● **Task item**: Go to the line below containing "Echse Weihnachtsmann" and print exactly from there through the line containing "iPhoneケース カラフル フラワー おしゃれ スマホケース", both included. Print nothing else.

===== Source data =====

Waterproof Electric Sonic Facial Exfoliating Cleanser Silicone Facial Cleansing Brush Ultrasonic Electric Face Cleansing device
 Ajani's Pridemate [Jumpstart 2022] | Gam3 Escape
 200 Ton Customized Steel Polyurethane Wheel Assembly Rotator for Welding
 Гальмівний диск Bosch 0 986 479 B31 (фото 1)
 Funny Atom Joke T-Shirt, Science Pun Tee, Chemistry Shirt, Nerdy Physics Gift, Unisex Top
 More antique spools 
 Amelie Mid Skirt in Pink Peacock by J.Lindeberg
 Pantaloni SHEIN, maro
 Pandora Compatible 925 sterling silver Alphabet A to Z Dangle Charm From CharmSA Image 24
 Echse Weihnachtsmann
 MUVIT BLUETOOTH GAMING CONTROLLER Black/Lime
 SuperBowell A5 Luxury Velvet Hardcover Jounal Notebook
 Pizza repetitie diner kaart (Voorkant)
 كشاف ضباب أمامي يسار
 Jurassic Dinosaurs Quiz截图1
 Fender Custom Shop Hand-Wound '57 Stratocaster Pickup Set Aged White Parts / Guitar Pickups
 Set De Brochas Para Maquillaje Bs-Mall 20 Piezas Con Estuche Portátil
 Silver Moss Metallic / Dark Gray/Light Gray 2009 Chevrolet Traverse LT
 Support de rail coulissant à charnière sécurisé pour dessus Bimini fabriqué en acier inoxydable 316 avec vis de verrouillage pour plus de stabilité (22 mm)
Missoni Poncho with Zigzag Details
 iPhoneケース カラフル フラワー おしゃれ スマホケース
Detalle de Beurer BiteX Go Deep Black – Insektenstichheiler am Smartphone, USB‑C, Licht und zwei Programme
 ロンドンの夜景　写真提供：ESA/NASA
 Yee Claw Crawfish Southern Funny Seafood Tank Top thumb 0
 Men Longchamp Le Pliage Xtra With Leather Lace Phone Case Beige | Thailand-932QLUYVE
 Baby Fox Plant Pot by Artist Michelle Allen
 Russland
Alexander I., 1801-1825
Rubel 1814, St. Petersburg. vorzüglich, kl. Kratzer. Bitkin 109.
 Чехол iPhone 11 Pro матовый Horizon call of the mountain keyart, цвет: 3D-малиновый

=====

● **Exercise answer**:
 Echse Weihnachtsmann
 MUVIT BLUETOOTH GAMING CONTROLLER Black/Lime
 SuperBowell A5 Luxury Velvet Hardcover Jounal Notebook
 Pizza repetitie diner kaart (Voorkant)
 كشاف ضباب أمامي يسار
 Jurassic Dinosaurs Quiz截图1
 Fender Custom Shop Hand-Wound '57 Stratocaster Pickup Set Aged White Parts / Guitar Pickups
 Set De Brochas Para Maquillaje Bs-Mall 20 Piezas Con Estuche Portátil
 Silver Moss Metallic / Dark Gray/Light Gray 2009 Chevrolet Traverse LT
 Support de rail coulissant à charnière sécurisé pour dessus Bimini fabriqué en acier inoxydable 316 avec vis de verrouillage pour plus de stabilité (22 mm)
Missoni Poncho with Zigzag Details
 iPhoneケース カラフル フラワー おしゃれ スマホケース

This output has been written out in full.